- Written by: Kenneth Bowser
- Directed by: Kenneth Bowser
- Music by: Dean Landon
- Country of origin: United States
- Original language: English

Production
- Producers: Declan Baldwin Kenneth Bowser
- Cinematography: Teodoro Maniaci
- Editor: Jamie Kirkpatrick
- Running time: 120 minutes

Original release
- Network: NBC
- Release: April 15, 2010

= Saturday Night Live in the 2000s: Time and Again =

Documentary television special

Saturday Night Live in the 2000s: Time and Again is a two-hour documentary television special that showcases the years of Saturday Night Live from 2000 to 2009. It features interviews with the cast and crew from those years, and aired on NBC on April 15, 2010. It was nominated for a Primetime Emmy Award for Outstanding Nonfiction Special.

Topics discussed include Jimmy Fallon and Tina Fey as the new Weekend Update anchors after the departure of Colin Quinn, how SNL became popular for its spoofs on the 2000 United States presidential election, and how the show's humor survived the 9/11 attacks and the anthrax scare. Other topics discussed include Will Ferrell's departure at the end of season 27 and the search for a replacement cast member to play George W. Bush, Jimmy Fallon's departure from the show, coverage of the 2008 presidential election and Tina Fey's impersonation of Sarah Palin, the ascent of female cast members such as Amy Poehler, Tina Fey, and Kristen Wiig in what was traditionally seen as a male-dominated show, the hiring of Bill Hader and Andy Samberg, and SNL regaining its popularity with the Digital Shorts.

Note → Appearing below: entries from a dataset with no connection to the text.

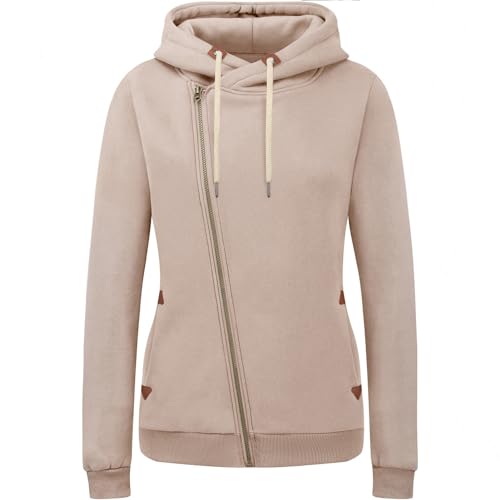 KEBORUILA Damen Sweatjacke Vicky Zip Hoodie Sweatjacke Kapuzenpullover Pullover mit Kapuze Khaki XL von KEBORUILA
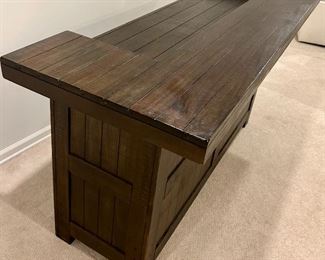 Wood plank bar 80”w x 28d x 42 h with wine rack, drawers, storage & FOOTRAIL  (not shown) 2 barstools 
21w x 15dx 30”h - $750 for set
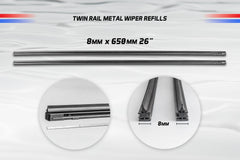 Pair Twin Metal Rail Wiper Refill 8mm x 650mm 26" - Service Parts Online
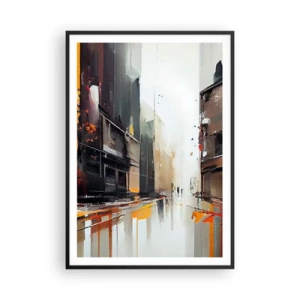 Plagát v čiernom ráme - Daždivý deň - 70x100 cm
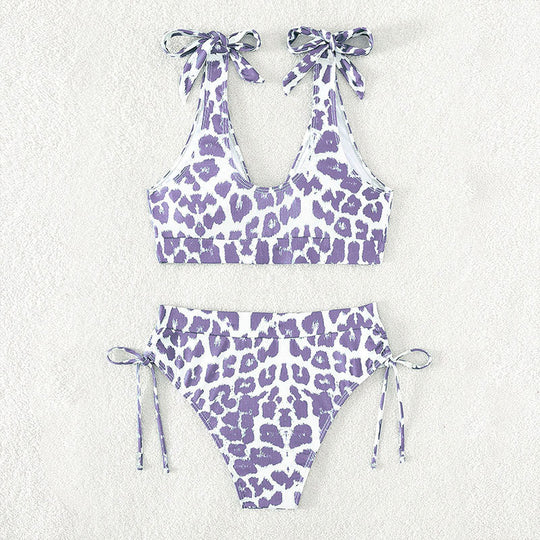 Damen Hochgeschnittener Bikini mit sportlichem Design und verspielten Bindebändern EB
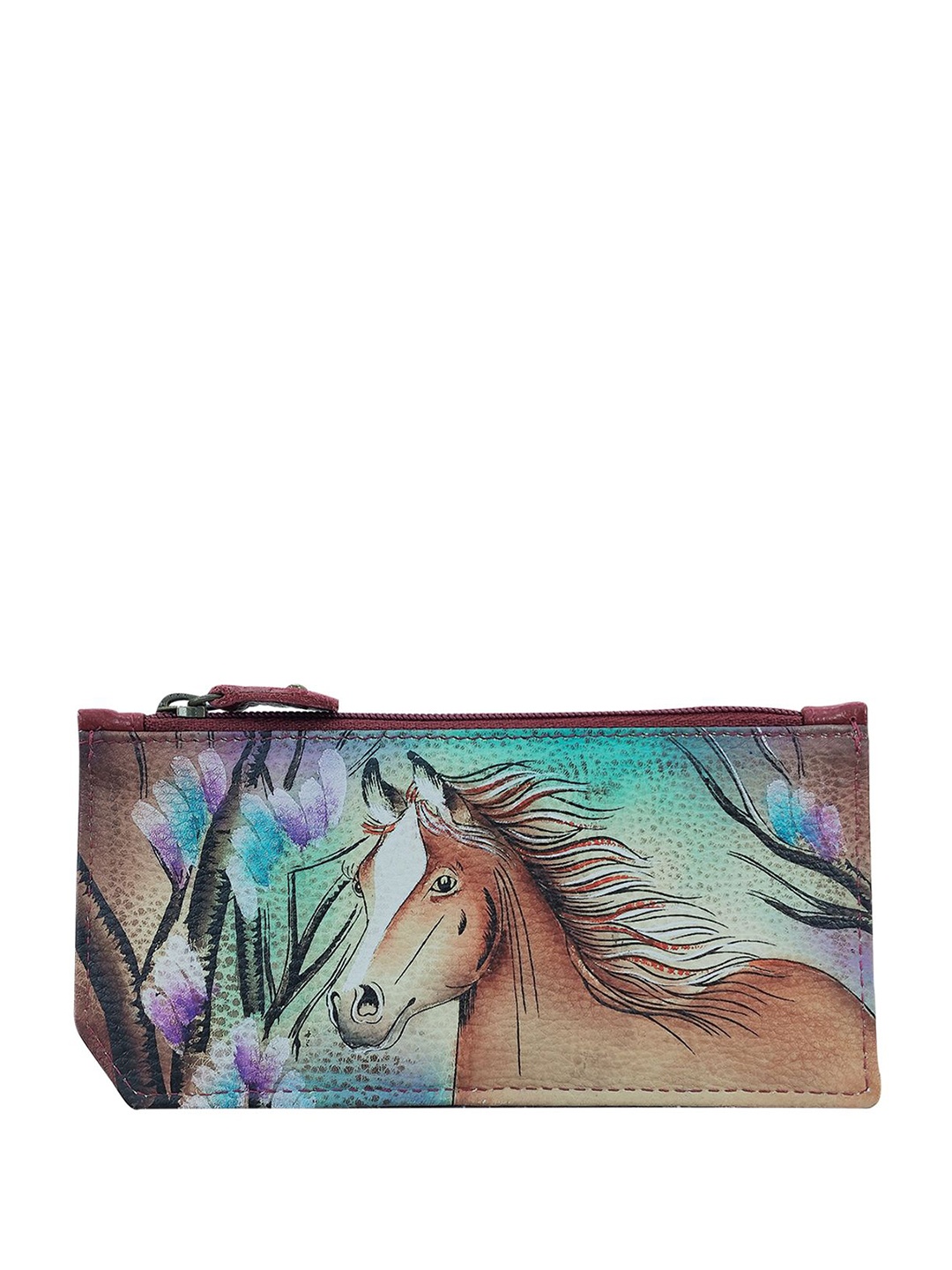 

Anuschka Printed Leather RFID Blocking Card Case with Coin Pouch, Coffee brown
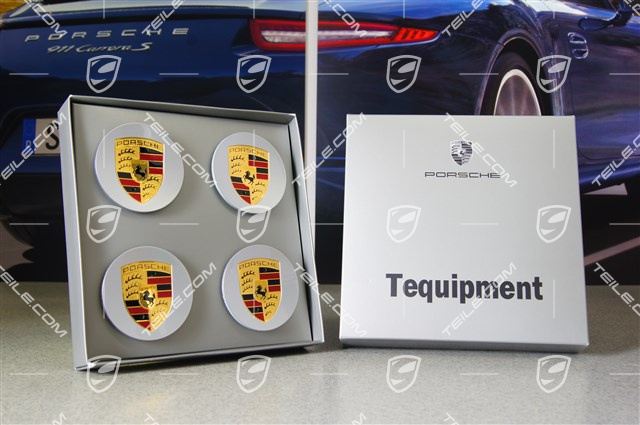 Radzierdeckel Satz (4 Stück), mit farbigem Porsche Wappen, Konkav, Brilliant Chrom Radzierdeckel Satz (4 Stück), mit farbigem Porsche Wappen, Konkav, Brilliant Chrom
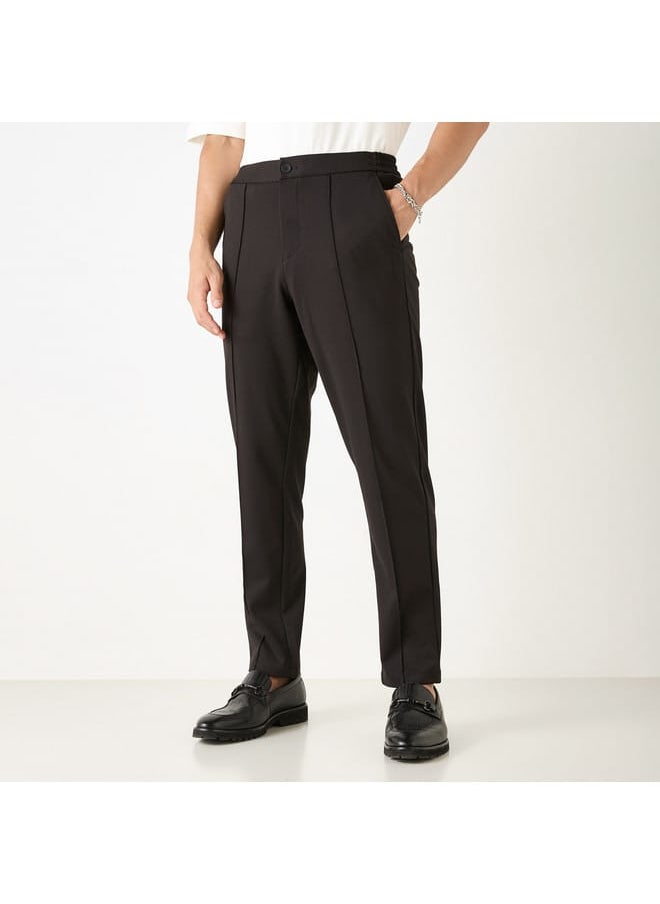 Iconic Solid Slim Fit Trousers with Pockets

Fred Armisen, Alec Baldwin, Rachel Dratch, Abby Elliott, Jimmy Fallon, Steve Higgins, Will Ferrell, Tina Fey, Will Forte, Bill Hader, Darrell Hammond, Chris Kattan, Marci Klein, John McCain, Seth Meyers, Lorne Michaels, Tracy Morgan, Bobby Moynihan, Chris Parnell, Amy Poehler, Maya Rudolph, Andy Samberg, Horatio Sanz, Akiva Schaffer, Molly Shannon, Michael Shoemaker, Jason Sudeikis, Jorma Taccone, Kenan Thompson, Justin Timberlake, Christopher Walken and Kristen Wiig provided comments for the special.

==Other SNL specials==
A special called The Women of Saturday Night Live was planned to air on NBC before the 2000s decade special. Instead, it would later air in November 2010, reuniting past female cast members. Additional "decade" specials were Live from New York: The First 5 Years of SNL, Saturday Night Live in the '80s: Lost and Found (2005), and Saturday Night Live in the '90s: Pop Culture Nation (2007). These highlighted past cast members and skits from the show and were interspersed with clips of musical guests.